Purpose – The Full Statistical Portrait of NSCC Students

In Project #4, we used the normal distribution to begin asking whether NSCC students differ from national averages. Now, armed with a full toolkit – t-tests, proportion tests, two-sample methods, and confidence intervals – we return to the NSCC Student Dataset to build a more complete statistical portrait. In this project, you will conduct multiple hypothesis tests and construct confidence intervals. For each inference question, you are responsible for identifying the correct type of inference to apply. Consider carefully: Is the variable of interest numeric or categorical? Are you comparing one group to a standard, or two groups to each other?

Preparation

Load the NSCC Student Dataset and familiarize yourself with its variables.

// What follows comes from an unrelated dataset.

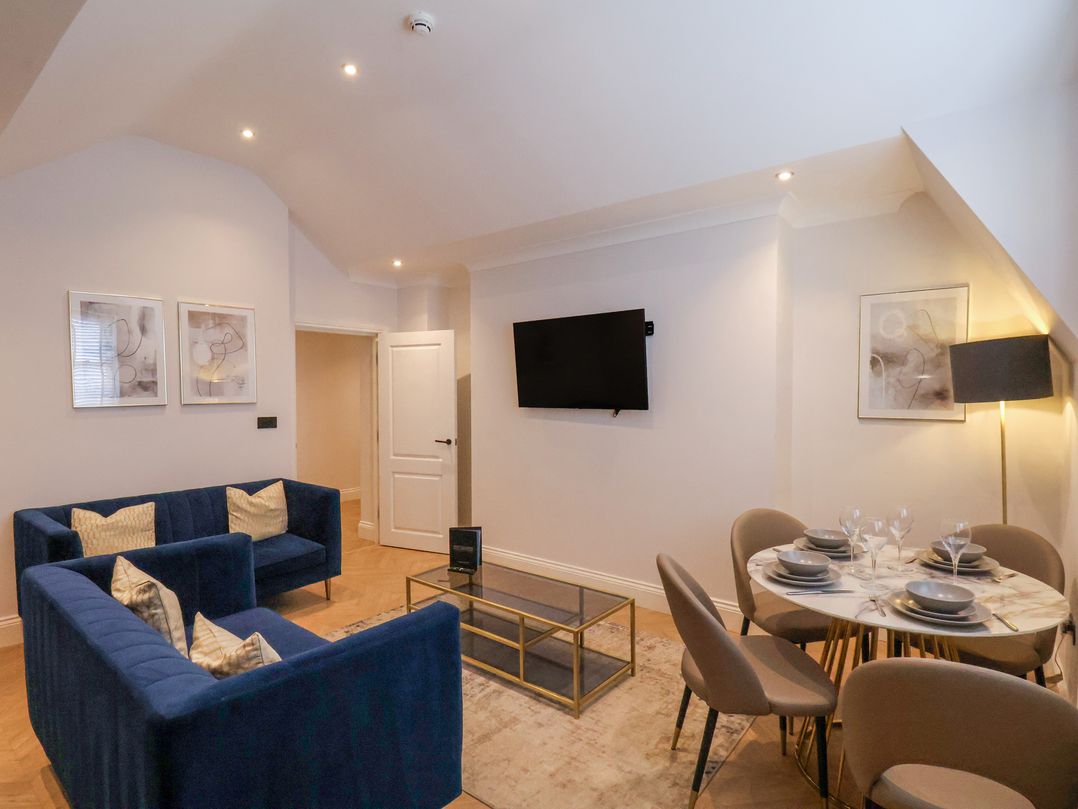 The Salisbury Apartment 401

# Load the NSCC student dataset
nscc <- read.csv("C:/Users/ash91/OneDrive/Desktop/Honors_Stats/nscc_student_data.csv")

# Preview the structure of the dataset
str(nscc)

## 'data.frame':    40 obs. of  15 variables:
##  $ Gender      : chr  "Female" "Female" "Female" "Female" ...
##  $ PulseRate   : int  64 75 74 65 NA 72 72 60 66 60 ...
##  $ CoinFlip1   : int  5 4 6 4 NA 6 6 3 7 6 ...
##  $ CoinFlip2   : int  5 6 1 4 NA 5 6 5 8 5 ...
##  $ Height      : num  62 62 60 62 66 ...
##  $ ShoeLength  : num  11 11 10 10.8 NA ...
##  $ Age         : int  19 21 25 19 26 21 19 24 24 20 ...
##  $ Siblings    : int  4 3 2 1 6 1 2 2 3 1 ...
##  $ RandomNum   : int  797 749 13 613 53 836 423 16 12 543 ...
##  $ HoursWorking: int  35 25 30 18 24 15 20 0 40 30 ...
##  $ Credits     : int  13 12 6 9 15 9 15 15 13 16 ...
##  $ Birthday    : chr  "July 5" "December 27" "January 31" "6-13" ...
##  $ ProfsAge    : int  31 30 29 31 32 32 28 28 31 28 ...
##  $ Coffee      : chr  "No" "Yes" "Yes" "Yes" ...
##  $ VoterReg    : chr  "Yes" "Yes" "No" "Yes" ...

Variable Classification:

Question 1: How Old Are NSCC Students?

According to the American Association of Community Colleges (AACC), the national average age of community college students is 26 years old. Is the average age of students in this NSCC sample consistent with that national figure, or do NSCC students differ?

a. Write the hypotheses.

H0: \(\mu = 26\) H1: \(\mu \neq 26\)

b. Calculate the test statistic and p-value.

# Test Statistic

(mean(nscc$Age)-26)/(sd(nscc$Age)/sqrt(40))

## [1] -1.12844

# P-Value

t.test(nscc$Age, alternative = "two.sided", mu = 26)$p.value

## [1] 0.2660281

c. Decision and Conclusion.

Since the p-value is greater than alpha (0.05), we fail to reject the null hypothesis (H0). There is insufficient evidence to suggest that the average age of students in this NSCC sample differs from the national average age of community college students.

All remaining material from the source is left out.